Musa cheesmanii
- Conservation status: Least Concern (IUCN 3.1)^{[citation needed]}

Scientific classification
- Kingdom: Plantae
- Clade: Embryophytes
- Clade: Tracheophytes
- Clade: Spermatophytes
- Clade: Angiosperms
- Clade: Monocots
- Clade: Commelinids
- Order: Zingiberales
- Family: Musaceae
- Genus: Musa
- Section: Musa sect. Musa
- Species: M. cheesmanii
- Binomial name: Musa cheesmanii N.W.Simmonds

= Musa cheesmanii =

- Genus: Musa
- Species: cheesmanii
- Authority: N.W.Simmonds
- Conservation status: LC

Species of flowering plant

Musa cheesmanii is a species of wild banana (genus Musa), commonly found from Myanmar to northeast India. They were discovered in 1955 by N.W. Simmons on a banana expedition.
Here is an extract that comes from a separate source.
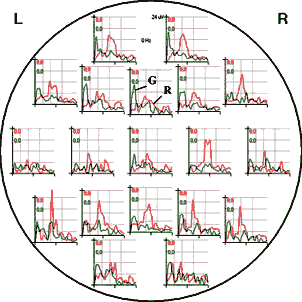 LSS-73-2000_008.gif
Locally they are referred to by the name Lungkang (Lumkong).

==Description==

A vigorous, medium-sized wild banana native to northeastern India. The pseudostems are densely clustered, dark reddish-brown in color, with a waxy white bloom towards the leaf stem. The female bracts are greenish with a purplish margin and the male bud is purplish. The leaf is bright green above with a light central vein and greyish below with a showy brown-purple vein.